Mobile phone boom over?

Jorumian

Facilitator
Sep 1, 2008
347
3
0
Birkenhead
Perhaps unsurprising given the current financial climate, it seems more and more people are not paying their mobile phone bills than ever before.

http://www.mobiletoday.co.uk/Contract_customers_default_in_increasing_numbers.html

I also read an article today suggesting that fewer people are now changing their phones frequently, and those that do are waiting longer in between changes.

Has the mobile phone boom reached its zenith I wonder?

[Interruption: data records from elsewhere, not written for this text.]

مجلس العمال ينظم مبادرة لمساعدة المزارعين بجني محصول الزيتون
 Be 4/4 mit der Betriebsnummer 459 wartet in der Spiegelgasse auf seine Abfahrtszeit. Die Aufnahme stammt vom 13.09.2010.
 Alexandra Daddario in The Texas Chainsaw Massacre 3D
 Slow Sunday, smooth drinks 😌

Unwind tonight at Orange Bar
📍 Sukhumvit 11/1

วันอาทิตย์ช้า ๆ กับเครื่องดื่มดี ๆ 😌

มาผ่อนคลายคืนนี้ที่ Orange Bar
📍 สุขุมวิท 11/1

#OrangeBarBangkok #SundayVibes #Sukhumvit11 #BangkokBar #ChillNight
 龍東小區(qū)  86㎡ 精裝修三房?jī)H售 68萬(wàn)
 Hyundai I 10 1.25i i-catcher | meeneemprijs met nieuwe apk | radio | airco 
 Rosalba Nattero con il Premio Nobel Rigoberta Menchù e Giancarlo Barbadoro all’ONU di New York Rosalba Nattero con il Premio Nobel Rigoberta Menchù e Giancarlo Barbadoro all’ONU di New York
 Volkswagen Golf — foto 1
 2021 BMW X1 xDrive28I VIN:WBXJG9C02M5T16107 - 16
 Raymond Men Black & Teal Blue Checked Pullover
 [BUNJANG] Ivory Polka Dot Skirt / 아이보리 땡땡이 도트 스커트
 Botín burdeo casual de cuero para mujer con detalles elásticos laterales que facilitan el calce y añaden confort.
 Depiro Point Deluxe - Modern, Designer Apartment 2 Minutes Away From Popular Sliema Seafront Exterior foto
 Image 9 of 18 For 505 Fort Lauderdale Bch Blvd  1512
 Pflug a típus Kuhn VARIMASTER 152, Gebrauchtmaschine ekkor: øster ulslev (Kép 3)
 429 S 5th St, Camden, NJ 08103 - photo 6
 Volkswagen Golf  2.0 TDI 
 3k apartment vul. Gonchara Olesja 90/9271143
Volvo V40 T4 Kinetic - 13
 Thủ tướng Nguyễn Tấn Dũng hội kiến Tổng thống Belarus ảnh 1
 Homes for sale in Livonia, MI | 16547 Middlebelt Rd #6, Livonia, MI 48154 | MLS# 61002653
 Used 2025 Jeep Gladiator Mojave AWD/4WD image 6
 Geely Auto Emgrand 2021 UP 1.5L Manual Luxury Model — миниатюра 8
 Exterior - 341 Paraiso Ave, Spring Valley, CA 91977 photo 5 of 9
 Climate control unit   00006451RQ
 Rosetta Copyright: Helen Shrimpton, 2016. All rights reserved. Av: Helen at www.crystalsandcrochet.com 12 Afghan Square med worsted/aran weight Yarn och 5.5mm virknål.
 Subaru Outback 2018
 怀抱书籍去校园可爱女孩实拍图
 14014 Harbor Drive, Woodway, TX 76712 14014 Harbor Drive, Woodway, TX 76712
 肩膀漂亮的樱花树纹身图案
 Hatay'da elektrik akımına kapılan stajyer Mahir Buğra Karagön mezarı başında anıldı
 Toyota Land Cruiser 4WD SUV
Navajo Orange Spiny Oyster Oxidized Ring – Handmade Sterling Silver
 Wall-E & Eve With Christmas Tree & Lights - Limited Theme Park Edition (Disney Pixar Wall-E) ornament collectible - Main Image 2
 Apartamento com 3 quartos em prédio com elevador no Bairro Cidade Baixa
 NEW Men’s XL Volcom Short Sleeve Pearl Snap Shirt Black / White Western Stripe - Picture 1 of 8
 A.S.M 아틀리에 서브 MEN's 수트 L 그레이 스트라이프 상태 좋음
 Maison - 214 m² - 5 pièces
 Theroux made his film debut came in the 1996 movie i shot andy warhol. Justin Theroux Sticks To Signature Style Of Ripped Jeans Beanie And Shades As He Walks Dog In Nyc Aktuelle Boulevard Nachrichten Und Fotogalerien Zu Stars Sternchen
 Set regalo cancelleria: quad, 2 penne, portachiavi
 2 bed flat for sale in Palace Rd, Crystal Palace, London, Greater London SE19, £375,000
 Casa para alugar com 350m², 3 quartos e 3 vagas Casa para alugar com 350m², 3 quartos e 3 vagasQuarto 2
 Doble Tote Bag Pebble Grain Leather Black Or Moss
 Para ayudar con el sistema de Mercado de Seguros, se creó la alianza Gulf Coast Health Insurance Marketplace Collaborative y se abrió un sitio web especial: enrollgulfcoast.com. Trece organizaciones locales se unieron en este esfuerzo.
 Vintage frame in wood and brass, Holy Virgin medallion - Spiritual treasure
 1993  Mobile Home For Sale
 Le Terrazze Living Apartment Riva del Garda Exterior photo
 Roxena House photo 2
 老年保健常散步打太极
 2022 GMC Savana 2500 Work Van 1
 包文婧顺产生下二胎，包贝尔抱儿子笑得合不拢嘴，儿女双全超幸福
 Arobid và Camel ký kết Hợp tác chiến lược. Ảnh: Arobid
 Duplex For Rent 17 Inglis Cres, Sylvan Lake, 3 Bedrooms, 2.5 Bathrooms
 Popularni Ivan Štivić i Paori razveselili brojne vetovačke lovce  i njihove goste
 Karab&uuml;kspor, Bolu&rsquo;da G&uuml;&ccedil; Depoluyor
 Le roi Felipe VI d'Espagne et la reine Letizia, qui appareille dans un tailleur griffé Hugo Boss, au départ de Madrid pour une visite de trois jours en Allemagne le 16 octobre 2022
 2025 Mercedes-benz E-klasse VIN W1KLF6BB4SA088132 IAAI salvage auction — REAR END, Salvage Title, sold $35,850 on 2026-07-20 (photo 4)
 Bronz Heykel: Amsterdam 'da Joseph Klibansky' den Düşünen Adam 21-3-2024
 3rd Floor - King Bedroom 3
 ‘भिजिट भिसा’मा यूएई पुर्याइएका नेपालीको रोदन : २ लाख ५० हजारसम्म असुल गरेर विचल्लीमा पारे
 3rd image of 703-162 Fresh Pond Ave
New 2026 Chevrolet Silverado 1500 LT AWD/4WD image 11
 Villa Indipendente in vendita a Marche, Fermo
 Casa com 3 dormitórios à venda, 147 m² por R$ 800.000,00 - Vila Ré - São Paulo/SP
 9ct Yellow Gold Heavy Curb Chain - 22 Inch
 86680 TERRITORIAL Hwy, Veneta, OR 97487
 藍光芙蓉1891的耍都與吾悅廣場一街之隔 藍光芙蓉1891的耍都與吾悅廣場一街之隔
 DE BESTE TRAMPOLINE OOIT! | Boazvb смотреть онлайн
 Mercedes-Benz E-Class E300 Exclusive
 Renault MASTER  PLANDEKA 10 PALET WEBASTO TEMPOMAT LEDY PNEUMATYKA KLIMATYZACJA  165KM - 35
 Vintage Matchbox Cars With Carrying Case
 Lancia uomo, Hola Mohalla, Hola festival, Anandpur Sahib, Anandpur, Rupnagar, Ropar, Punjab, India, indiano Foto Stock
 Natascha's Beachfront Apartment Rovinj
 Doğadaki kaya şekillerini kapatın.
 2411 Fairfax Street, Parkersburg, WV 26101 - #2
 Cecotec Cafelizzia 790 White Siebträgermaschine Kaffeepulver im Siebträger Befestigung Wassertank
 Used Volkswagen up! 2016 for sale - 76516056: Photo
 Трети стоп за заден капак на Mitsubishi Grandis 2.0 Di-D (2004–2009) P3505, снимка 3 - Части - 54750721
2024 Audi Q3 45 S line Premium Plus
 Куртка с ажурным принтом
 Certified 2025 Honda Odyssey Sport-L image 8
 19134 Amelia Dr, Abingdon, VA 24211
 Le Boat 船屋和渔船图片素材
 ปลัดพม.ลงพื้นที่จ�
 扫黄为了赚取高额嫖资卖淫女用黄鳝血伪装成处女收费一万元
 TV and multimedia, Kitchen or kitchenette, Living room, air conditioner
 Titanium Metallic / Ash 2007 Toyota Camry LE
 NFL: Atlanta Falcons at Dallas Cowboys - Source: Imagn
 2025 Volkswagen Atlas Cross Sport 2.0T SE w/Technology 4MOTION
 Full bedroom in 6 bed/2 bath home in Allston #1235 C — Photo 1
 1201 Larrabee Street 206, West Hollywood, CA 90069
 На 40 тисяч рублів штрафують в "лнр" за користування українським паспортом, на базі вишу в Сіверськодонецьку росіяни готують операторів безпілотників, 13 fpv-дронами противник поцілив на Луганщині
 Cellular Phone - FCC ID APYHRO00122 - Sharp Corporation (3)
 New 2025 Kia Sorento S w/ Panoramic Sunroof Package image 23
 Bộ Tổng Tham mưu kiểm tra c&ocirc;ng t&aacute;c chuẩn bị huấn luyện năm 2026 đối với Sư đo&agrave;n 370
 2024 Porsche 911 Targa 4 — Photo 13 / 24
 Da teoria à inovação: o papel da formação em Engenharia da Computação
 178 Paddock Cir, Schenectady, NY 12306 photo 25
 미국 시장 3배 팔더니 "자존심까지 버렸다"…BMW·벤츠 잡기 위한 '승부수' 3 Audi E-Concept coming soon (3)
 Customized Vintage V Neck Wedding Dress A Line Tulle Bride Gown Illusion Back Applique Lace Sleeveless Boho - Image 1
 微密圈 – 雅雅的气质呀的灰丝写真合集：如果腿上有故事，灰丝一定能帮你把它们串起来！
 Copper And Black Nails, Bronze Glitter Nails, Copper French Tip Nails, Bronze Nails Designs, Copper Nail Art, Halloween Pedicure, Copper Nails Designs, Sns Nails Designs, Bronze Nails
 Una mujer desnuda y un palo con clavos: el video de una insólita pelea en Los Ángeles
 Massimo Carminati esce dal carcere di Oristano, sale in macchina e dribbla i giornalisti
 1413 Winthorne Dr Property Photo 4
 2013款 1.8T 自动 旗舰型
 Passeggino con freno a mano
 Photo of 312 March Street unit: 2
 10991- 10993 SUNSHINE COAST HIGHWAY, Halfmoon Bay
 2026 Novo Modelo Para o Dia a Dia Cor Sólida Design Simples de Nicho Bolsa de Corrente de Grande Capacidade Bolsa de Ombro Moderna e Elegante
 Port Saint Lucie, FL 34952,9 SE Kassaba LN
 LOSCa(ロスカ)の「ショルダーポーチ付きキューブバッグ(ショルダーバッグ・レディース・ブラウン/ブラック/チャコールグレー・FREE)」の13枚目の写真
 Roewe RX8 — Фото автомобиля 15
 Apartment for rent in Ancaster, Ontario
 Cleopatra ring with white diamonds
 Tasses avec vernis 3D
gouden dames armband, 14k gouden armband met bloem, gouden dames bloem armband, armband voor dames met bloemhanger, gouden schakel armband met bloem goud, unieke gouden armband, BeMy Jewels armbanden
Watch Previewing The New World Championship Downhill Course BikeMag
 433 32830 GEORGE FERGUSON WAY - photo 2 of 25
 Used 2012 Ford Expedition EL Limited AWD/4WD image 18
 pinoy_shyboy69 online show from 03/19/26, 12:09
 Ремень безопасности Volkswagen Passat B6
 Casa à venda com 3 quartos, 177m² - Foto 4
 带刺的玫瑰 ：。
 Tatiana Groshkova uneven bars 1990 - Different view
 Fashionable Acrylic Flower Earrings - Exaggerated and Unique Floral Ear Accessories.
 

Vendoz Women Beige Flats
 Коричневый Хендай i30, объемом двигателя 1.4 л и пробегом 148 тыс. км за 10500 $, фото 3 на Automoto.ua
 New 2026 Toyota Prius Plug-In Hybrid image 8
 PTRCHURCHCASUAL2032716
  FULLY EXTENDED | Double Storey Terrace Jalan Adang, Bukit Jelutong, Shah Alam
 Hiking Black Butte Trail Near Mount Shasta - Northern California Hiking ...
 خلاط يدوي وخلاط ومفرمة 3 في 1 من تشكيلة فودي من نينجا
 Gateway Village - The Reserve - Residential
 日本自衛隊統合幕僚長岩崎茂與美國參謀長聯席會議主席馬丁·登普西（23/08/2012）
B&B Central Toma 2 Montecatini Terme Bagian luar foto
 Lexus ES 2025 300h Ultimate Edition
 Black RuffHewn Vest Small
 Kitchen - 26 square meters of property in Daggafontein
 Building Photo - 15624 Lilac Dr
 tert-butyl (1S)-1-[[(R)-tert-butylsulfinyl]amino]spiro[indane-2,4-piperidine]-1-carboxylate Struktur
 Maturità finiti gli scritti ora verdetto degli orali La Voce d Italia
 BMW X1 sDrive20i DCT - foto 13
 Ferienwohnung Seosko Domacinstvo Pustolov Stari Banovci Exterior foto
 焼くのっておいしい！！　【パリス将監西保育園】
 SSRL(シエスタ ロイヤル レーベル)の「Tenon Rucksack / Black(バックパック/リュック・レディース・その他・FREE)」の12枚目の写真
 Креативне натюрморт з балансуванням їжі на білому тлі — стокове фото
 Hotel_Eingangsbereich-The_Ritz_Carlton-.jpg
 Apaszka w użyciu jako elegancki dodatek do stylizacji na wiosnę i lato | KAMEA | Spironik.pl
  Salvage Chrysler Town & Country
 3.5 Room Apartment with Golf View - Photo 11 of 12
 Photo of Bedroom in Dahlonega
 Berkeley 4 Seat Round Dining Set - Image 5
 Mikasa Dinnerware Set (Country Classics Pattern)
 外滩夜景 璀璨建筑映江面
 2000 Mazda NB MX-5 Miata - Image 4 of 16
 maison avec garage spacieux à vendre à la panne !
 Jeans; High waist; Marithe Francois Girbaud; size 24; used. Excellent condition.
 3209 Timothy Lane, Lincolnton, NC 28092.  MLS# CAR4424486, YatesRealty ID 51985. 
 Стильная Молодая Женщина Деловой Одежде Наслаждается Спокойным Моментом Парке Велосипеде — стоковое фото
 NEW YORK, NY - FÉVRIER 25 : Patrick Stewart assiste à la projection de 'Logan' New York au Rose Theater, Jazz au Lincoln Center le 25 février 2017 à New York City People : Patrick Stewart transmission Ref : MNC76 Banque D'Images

I'm sure newer technology like the I-Phone will remain sought after, but it does seem to be that growth in this sector is slowing. I guess it has reached saturation point. This and the fact that most companies charges are still ludicrously high, is starting to hit home with consumers who are perhaps now seeing a new phone on an expensive tariff as less a necessity and more the luxury it should be seen to be.
 

katealpha

New Member
Sep 1, 2008
142
1
0
Beds
Similar story in The Economist.

Make sense that perhaps the mobile boom is over: a new handset is a 'luxury' when it's a case of finding money for the essentials - housing, food, bills - first.
 

Jorumian

Facilitator
Sep 1, 2008
347
3
0
Birkenhead
Certainly does Katealpha, and it also explains why many mobile phone companies are diversifying into other areas now, such as electronic goods and internet service provision.

I read on a website that Phones 4 U were criticised for just focusing on the mobile market these days and that this could indeed lead to the collapse of the company, unless they decided to diversify their range of products.

I think with phones doing so much now they are almost the same as a small computer or PDA as well as a miniture games console, Walkman and camera. I don't know how much more a phone can actually do and still have the label "a phone". Those days seem long gone now. I can still remember when text messages were a novelty.